Watch Emmy Awards 2019 In Memoriam Pay Tribute To Stan Lee, Cameron Boyce, Luke Perry and More

The Television Academy has published its In Memoriam segment aired Sunday during the 71st Emmy [...]

The Television Academy has published its In Memoriam segment aired Sunday during the 71st Emmy Awards, paying tribute to late Marvel visionary Stan Lee, Riverdale star Luke Perry, Easy Rider star Peter Fonda, actor-director Penny Marshall, The Carol Burnett Show star Tim Conway, Disney Channel and Descendants star Cameron Boyce and many others. Introduced by Watchmen star Regina King and set to a piano rendition of "Time After Time" performed by Halsey, the segment also remembered director John Singleton, former Universal Studios executive and frequent Steven Spielberg collaborator Sid Sheinberg, James Frawley, prolific television director and helmer of The Muppet Movie, Disney executive and producer Ron Miller, and Mary Tyler Moore stars Georgia Engel and Valerie Harper.

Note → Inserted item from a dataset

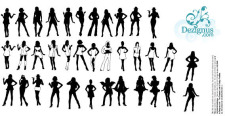 free vector Many Sexy girls silhouettes free vector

Lee died in November aged 95. The famed Avengers and Spider-Man co-creator died from cardiac arrest brought on by respiratory and congestive heart failure. Disney CEO Bob Iger, who helped name Lee as a Disney Legends at the bi-annual awards ceremony at D23 Expo in 2017, remembered Lee as someone who was "as extraordinary as the characters he created." In a statement released after Lee's death, Iger said, "A superhero in his own right to Marvel fans around the world, Stan had the power to inspire, to entertain and to connect. The scale of his imagination was only exceeded by the size of his heart."

Beyond co-creating the many superheroes that populate the Marvel Cinematic Universe — including Iron Man, Thor, Black Panther, Doctor Strange, Scarlet Witch, Hulk, Ant-Man and Wasp — Lee was credited as producer on dozens of Marvel-inspired film and television works, including Daredevil and Marvel's Agents of S.H.I.E.L.D. Lee was nominated for a Primetime Emmy in 2017 for Outstanding Short Form Animated Program for Rocket & Groot, where Lee served as co-executive producer.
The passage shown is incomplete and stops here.